Unlike smaller nursing homes, micro-hospitals are purpose-built, specialist-led facilities that offer 360-degree care — from advanced diagnostics to surgical interventions — closer to residential communities.

This prevents the ‘patient shuffling’ that typically occurs when patients are forced to navigate multiple laboratories and clinics for a single diagnosis.

Dr Mohsin Wali, Senior Consultant, Medicine, Sir Ganga Ram Hospital, noted the psychological toll of the current system. “Patients today are overwhelmed by the scale and cold complexity of large hospitals.
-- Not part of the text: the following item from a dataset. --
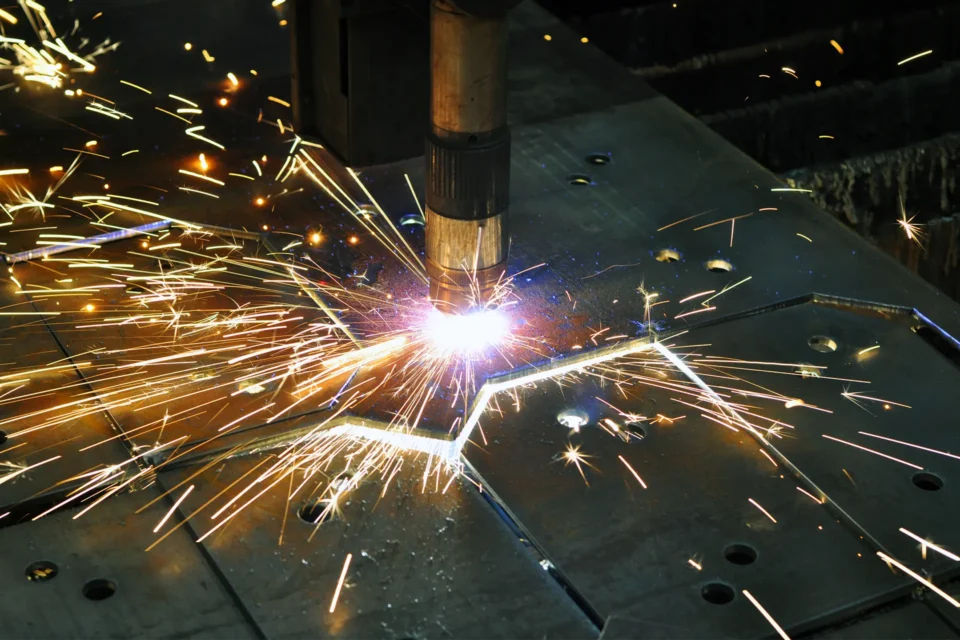 Laser cutting of a wear plate.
Micro-hospitals bring back the essentials — time, communication, and coordination — ensuring that care is not just delivered efficiently but experienced meaningfully.”

Dr Swadeep Srivastava, Co-founder and President of Pacific OneHealth said, “The future of healthcare is not about building bigger hospitals; it is about building better-aligned systems. Micro-hospitals are not smaller versions of big hospitals — they are a new philosophy of ‘healthcare as it should be’, designed around the family, the community, and long-term health outcomes.”

The HEAL OneHealth Connect Series was organised by Pacific OneHealth in partnership with the HEAL Foundation here this week.

Dr Aijaz Ilmi, consultant physician-metabolic diseases, Delhi, said that many lifestyle diseases develop silently and by the time a patient reaches a tertiary hospital, the damage is often irreversible.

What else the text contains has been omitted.